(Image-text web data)
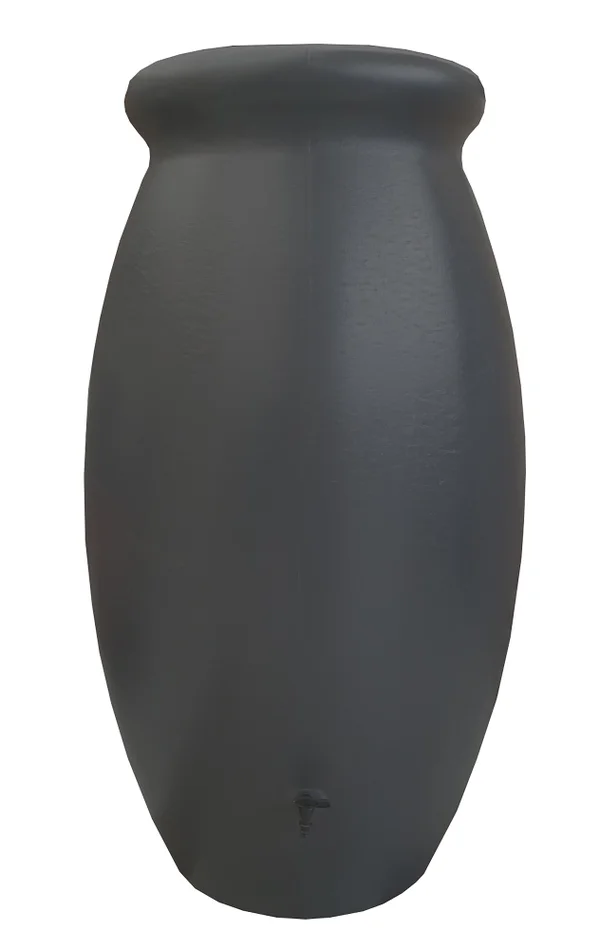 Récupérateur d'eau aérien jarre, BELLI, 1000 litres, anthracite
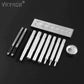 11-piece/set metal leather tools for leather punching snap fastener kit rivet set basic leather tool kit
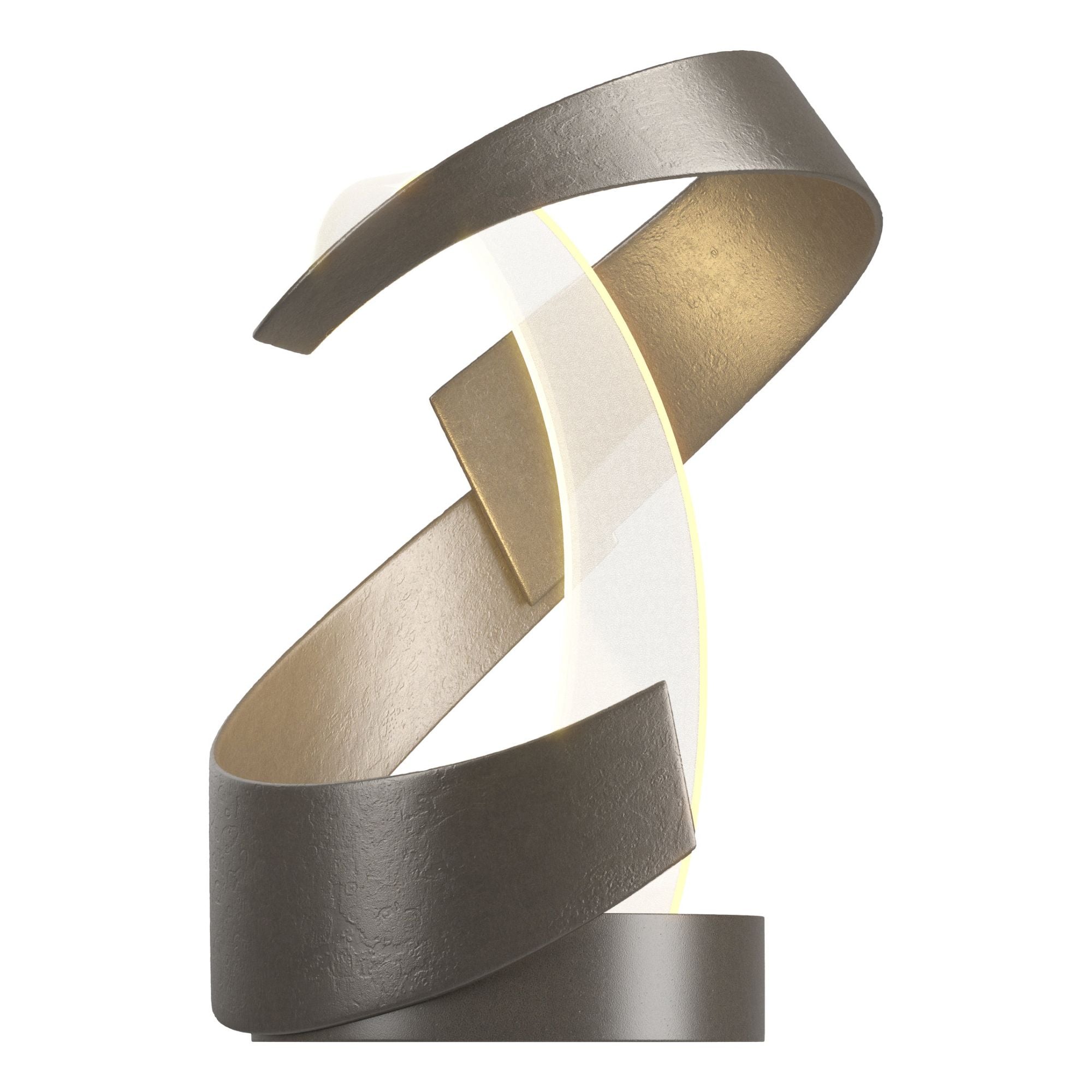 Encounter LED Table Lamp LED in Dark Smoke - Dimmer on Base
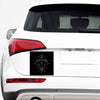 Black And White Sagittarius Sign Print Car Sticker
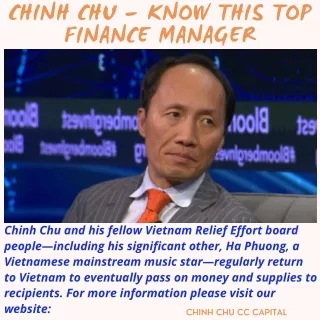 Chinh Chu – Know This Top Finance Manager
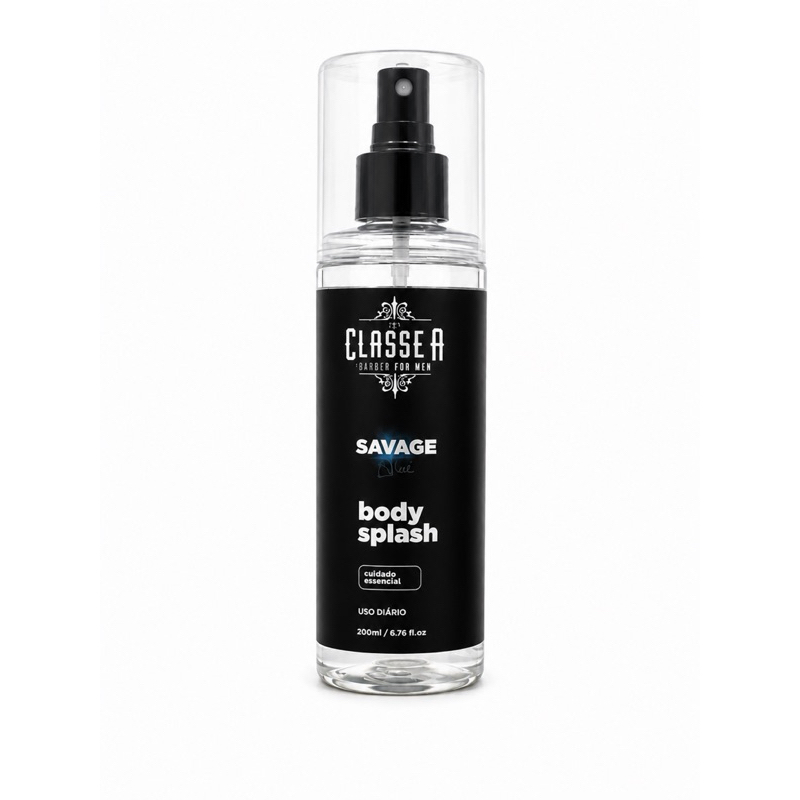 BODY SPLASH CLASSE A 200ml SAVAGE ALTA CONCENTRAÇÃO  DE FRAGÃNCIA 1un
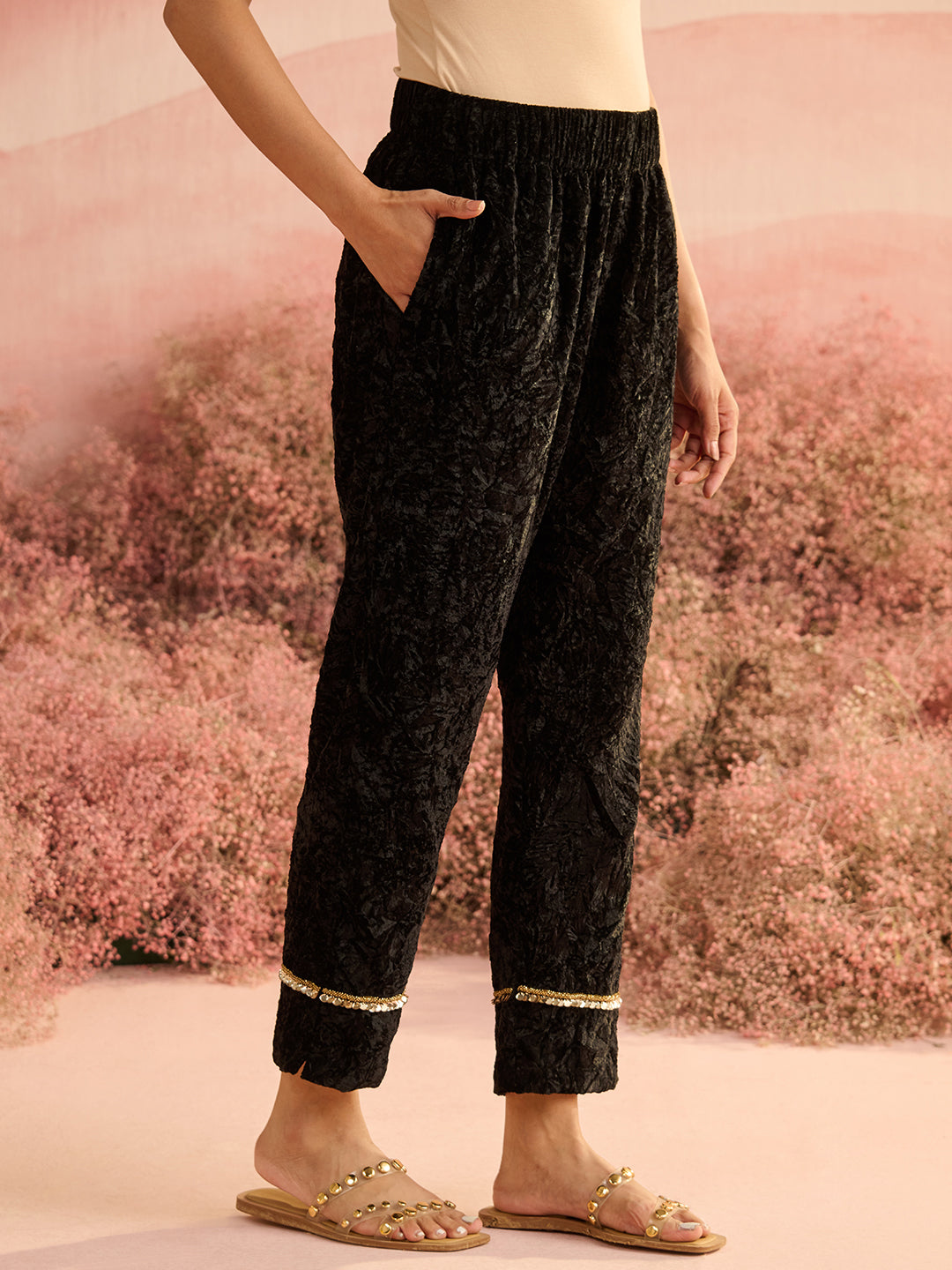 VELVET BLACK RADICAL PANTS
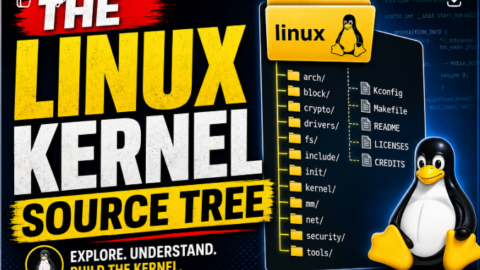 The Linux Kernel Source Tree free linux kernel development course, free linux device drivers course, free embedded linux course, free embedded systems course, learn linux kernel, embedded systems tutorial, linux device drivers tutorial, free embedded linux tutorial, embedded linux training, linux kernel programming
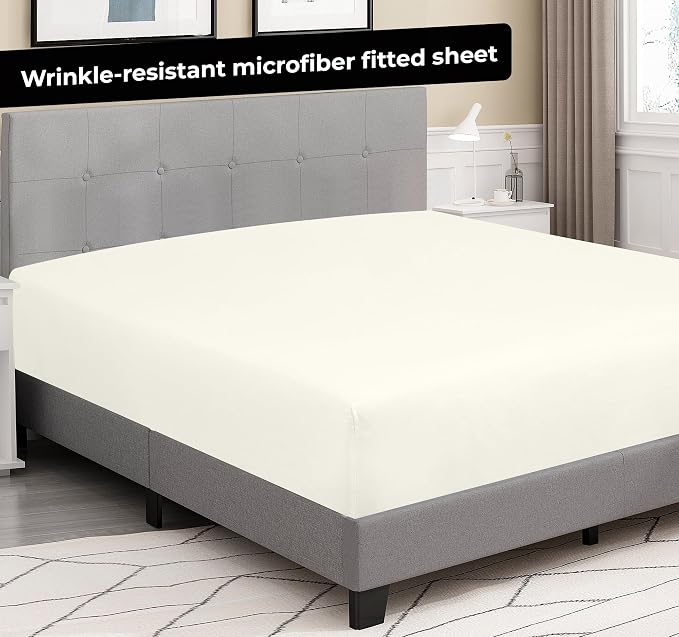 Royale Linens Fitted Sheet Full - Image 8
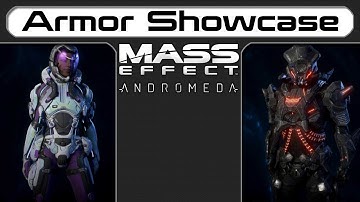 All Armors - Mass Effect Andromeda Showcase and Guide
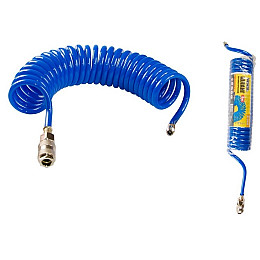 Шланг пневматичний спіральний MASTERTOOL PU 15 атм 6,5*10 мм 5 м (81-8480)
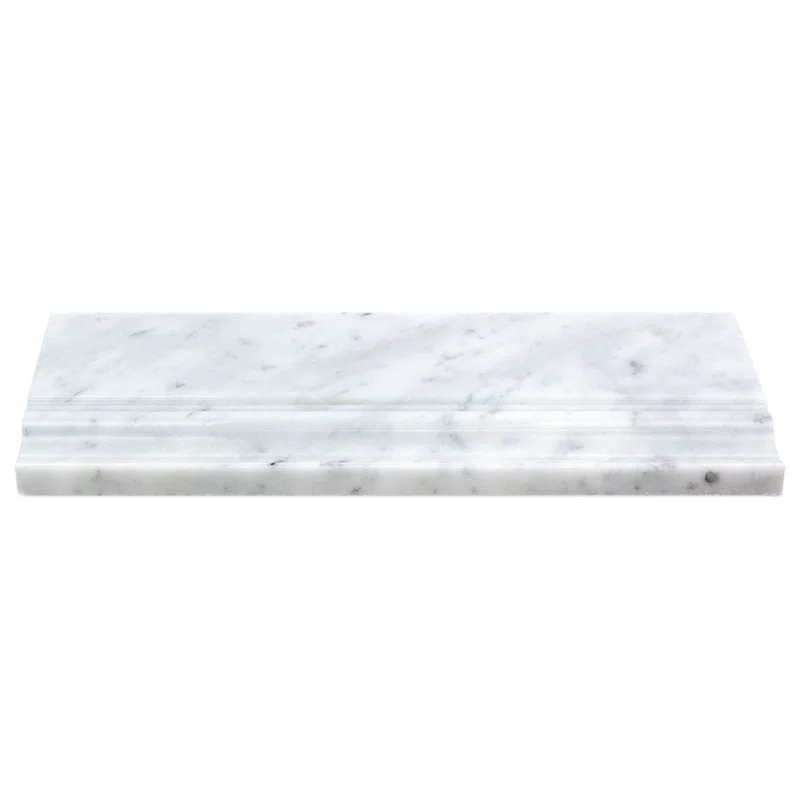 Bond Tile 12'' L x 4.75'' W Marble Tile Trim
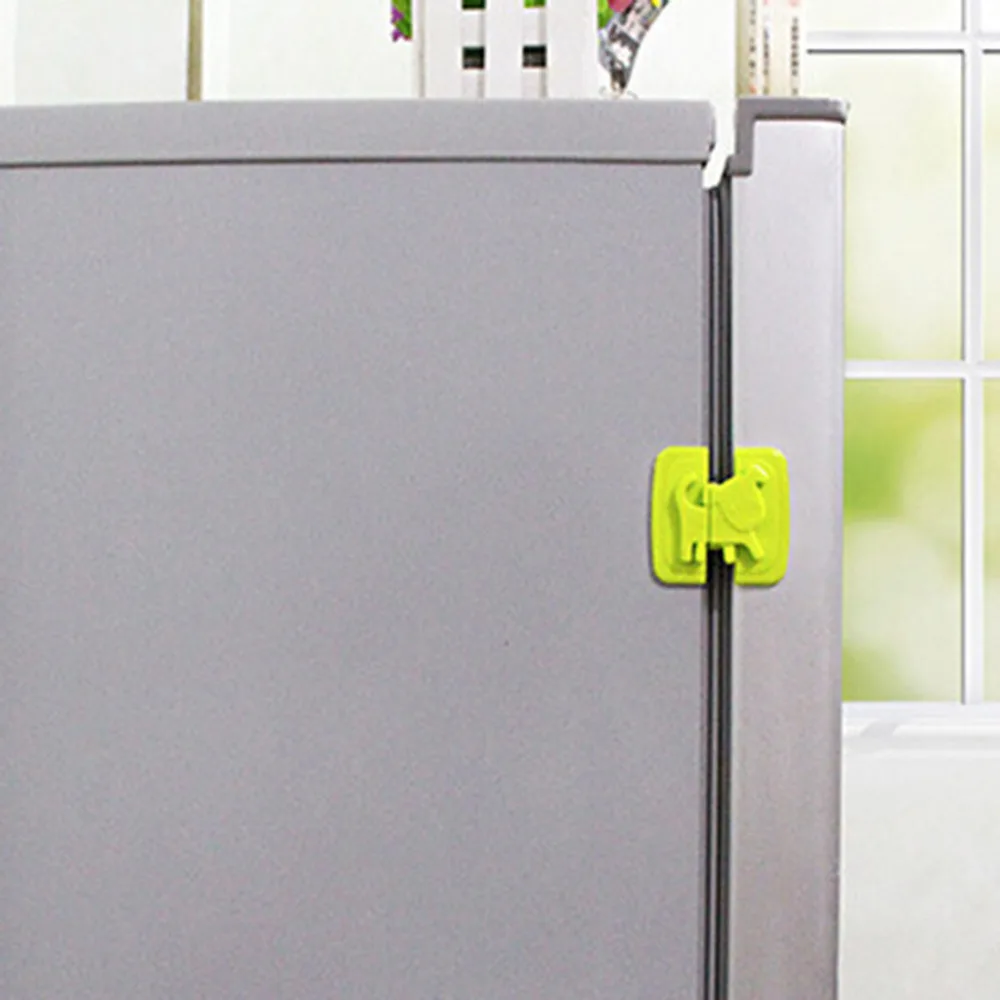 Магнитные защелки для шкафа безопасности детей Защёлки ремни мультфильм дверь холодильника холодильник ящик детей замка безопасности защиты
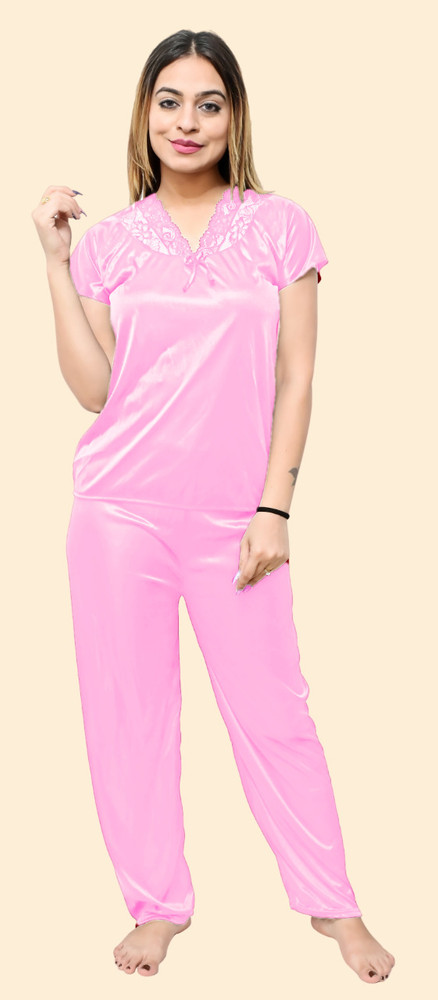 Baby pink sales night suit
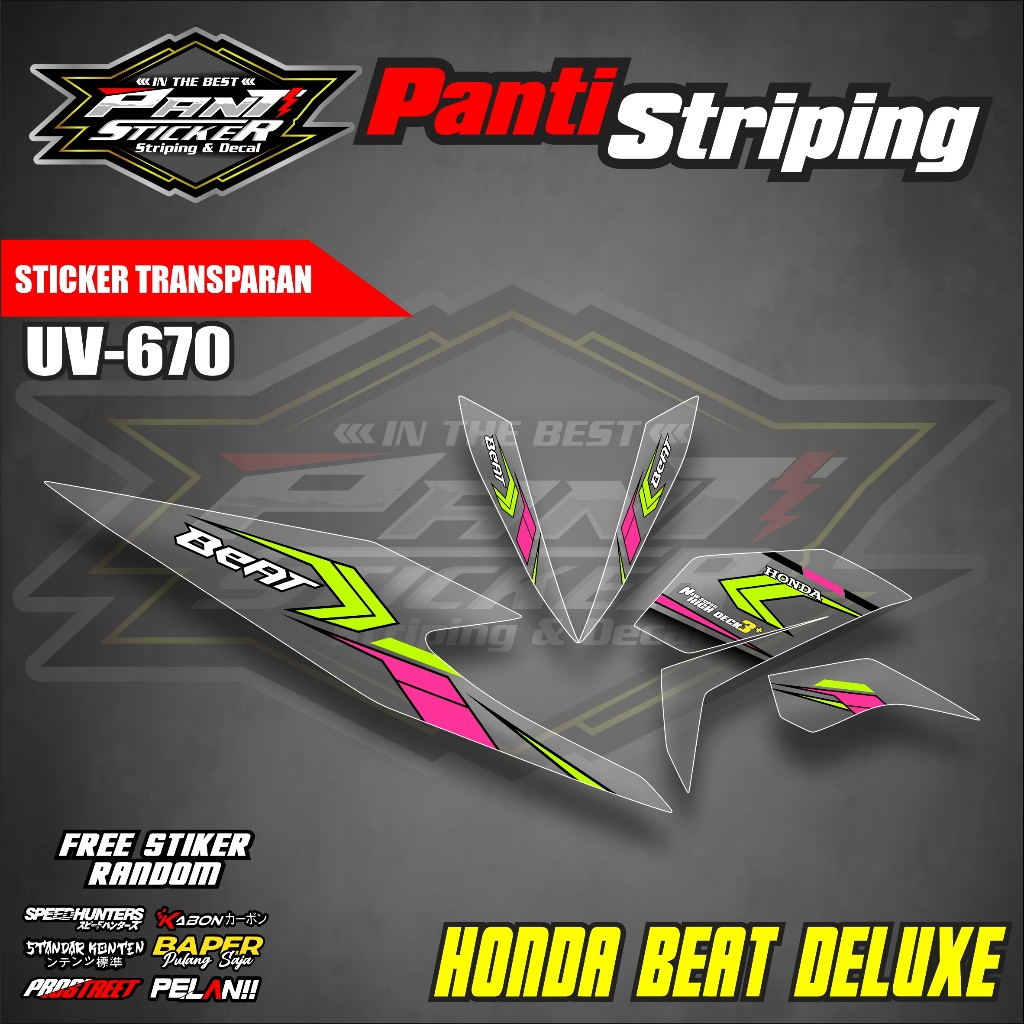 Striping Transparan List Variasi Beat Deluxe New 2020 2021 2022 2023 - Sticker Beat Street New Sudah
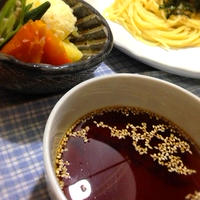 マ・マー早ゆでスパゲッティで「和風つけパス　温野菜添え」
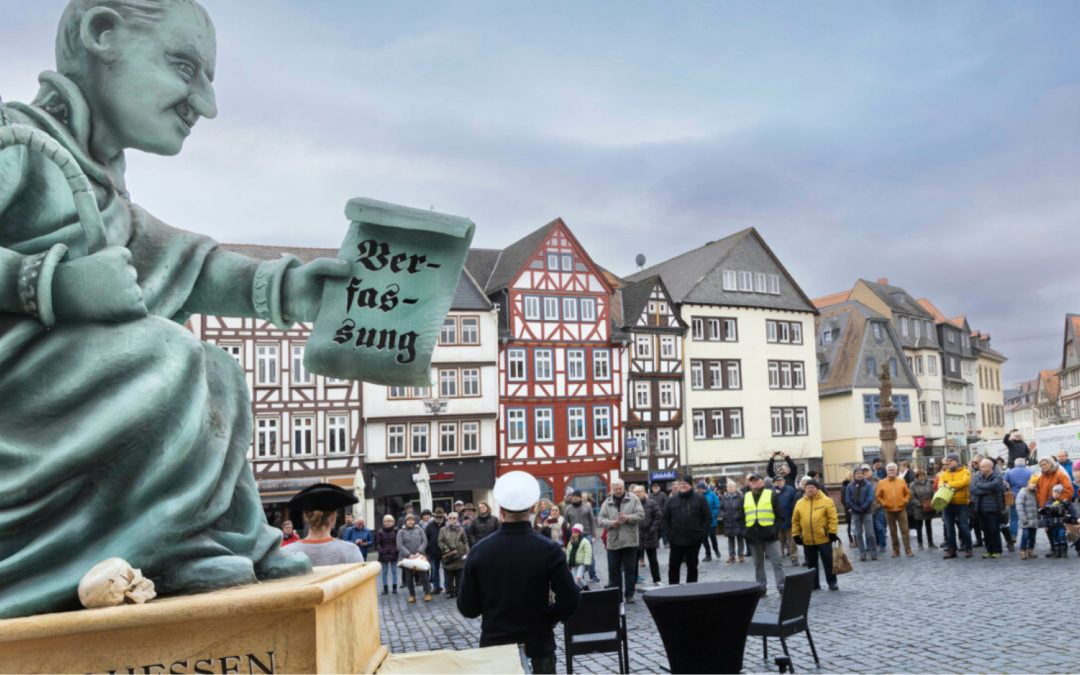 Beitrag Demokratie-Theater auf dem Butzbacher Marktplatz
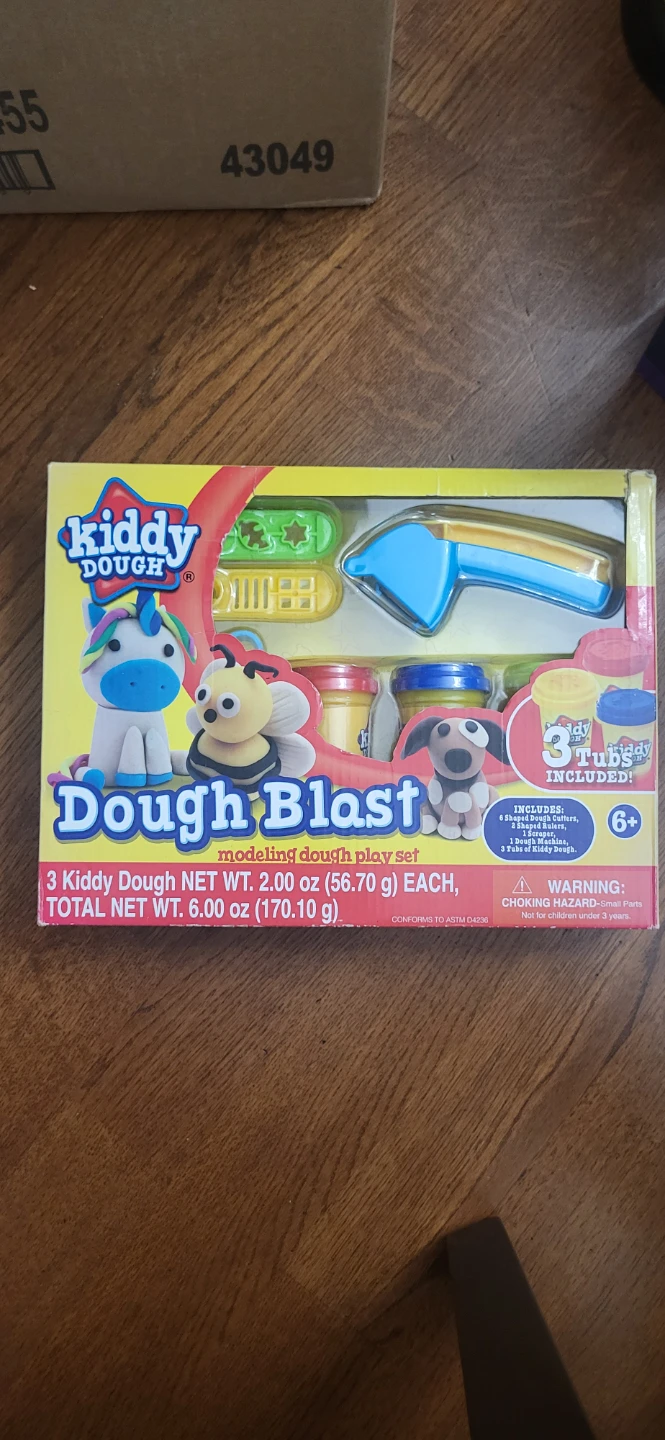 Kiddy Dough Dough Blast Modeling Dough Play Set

**Work item**: Every line from the one holding "マ・マー早ゆでスパゲッティで「和風つけパス　温野菜添え」" through the end of the records above must be reproduced verbatim, pictures excepted.

**Answer to this problem**:
 マ・マー早ゆでスパゲッティで「和風つけパス　温野菜添え」
 Beitrag Demokratie-Theater auf dem Butzbacher Marktplatz
 Kiddy Dough Dough Blast Modeling Dough Play Set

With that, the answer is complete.